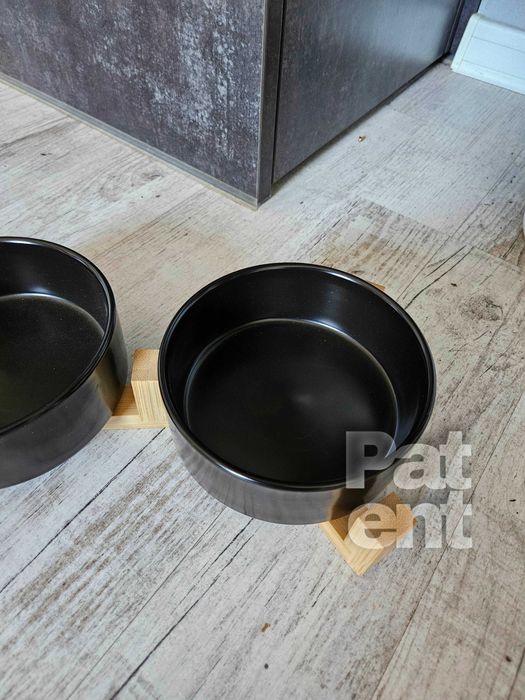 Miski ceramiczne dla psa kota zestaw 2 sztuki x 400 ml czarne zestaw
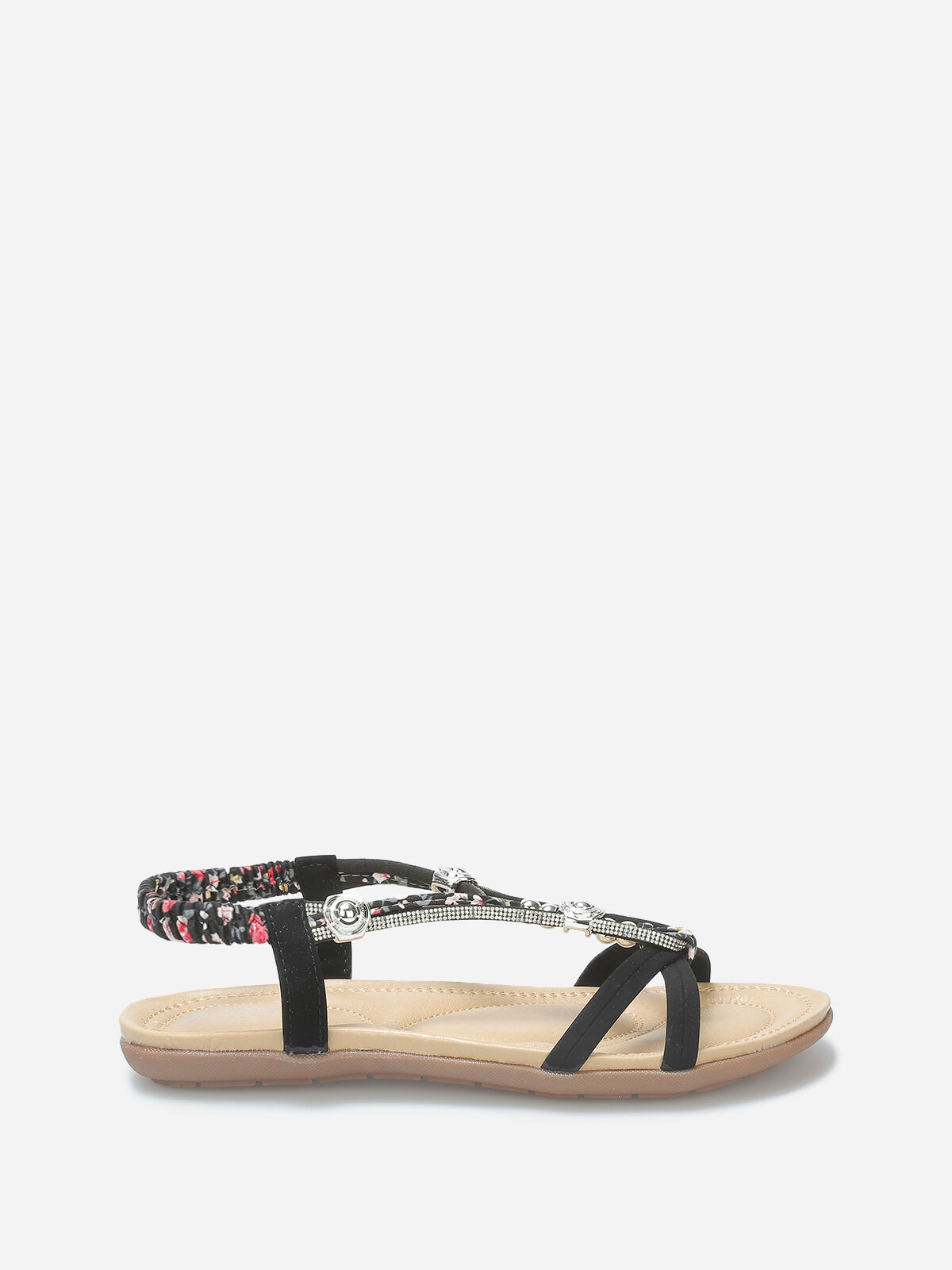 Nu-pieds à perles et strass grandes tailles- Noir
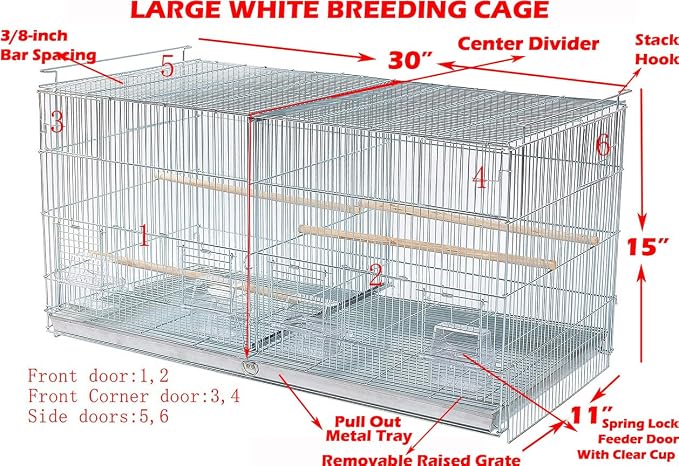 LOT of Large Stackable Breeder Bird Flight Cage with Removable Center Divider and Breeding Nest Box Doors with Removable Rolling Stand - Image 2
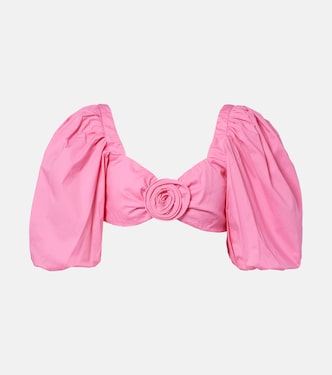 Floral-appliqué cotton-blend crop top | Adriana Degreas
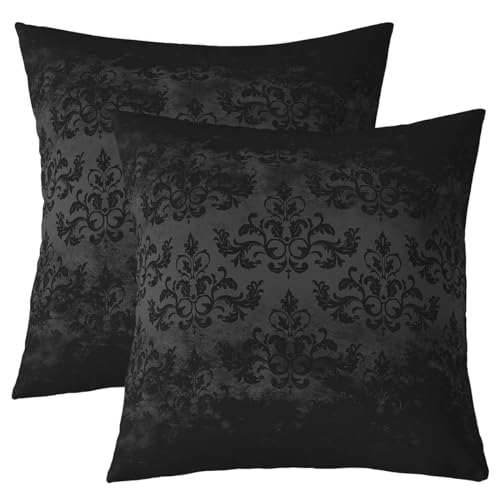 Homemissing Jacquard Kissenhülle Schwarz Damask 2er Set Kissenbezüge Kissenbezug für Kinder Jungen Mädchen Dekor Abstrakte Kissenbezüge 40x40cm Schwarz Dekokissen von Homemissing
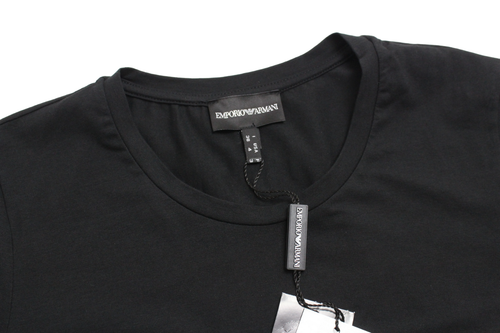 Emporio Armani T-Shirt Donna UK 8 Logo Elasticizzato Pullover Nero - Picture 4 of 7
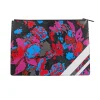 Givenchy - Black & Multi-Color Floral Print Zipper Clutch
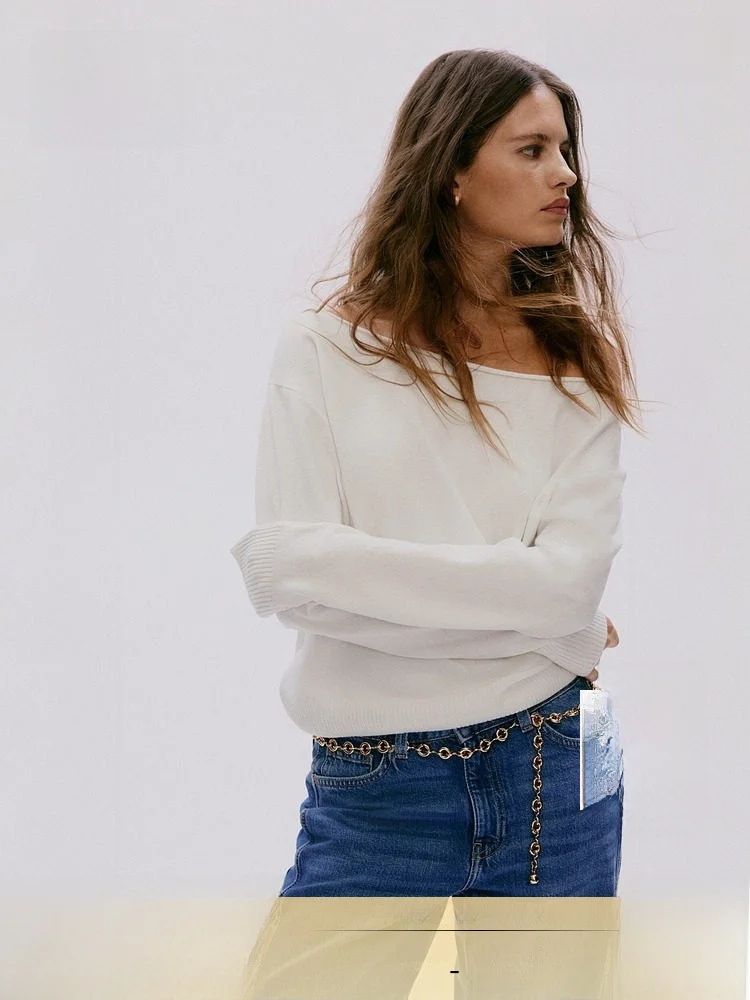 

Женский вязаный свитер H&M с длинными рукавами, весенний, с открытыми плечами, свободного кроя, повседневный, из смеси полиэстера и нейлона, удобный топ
= = = = =
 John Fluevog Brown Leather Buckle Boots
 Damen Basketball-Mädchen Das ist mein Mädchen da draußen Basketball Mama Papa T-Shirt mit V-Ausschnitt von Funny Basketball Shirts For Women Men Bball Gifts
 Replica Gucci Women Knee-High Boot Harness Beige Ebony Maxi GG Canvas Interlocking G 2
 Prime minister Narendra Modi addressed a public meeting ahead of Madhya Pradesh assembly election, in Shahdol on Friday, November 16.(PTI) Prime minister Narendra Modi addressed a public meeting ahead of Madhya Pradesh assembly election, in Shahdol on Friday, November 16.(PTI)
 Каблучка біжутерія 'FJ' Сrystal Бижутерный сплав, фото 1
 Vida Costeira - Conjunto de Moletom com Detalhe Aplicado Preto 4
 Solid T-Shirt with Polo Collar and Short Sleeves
= = = = =
An exact copy of the lines above, from the one containing "John Fluevog Brown Leather Buckle Boots" down to the one containing "Solid T-Shirt with" and including both, is the whole answer; retype it and nothing else.

__Solution to the problem__
 John Fluevog Brown Leather Buckle Boots
 Damen Basketball-Mädchen Das ist mein Mädchen da draußen Basketball Mama Papa T-Shirt mit V-Ausschnitt von Funny Basketball Shirts For Women Men Bball Gifts
 Replica Gucci Women Knee-High Boot Harness Beige Ebony Maxi GG Canvas Interlocking G 2
 Prime minister Narendra Modi addressed a public meeting ahead of Madhya Pradesh assembly election, in Shahdol on Friday, November 16.(PTI) Prime minister Narendra Modi addressed a public meeting ahead of Madhya Pradesh assembly election, in Shahdol on Friday, November 16.(PTI)
 Каблучка біжутерія 'FJ' Сrystal Бижутерный сплав, фото 1
 Vida Costeira - Conjunto de Moletom com Detalhe Aplicado Preto 4
 Solid T-Shirt with Polo Collar and Short Sleeves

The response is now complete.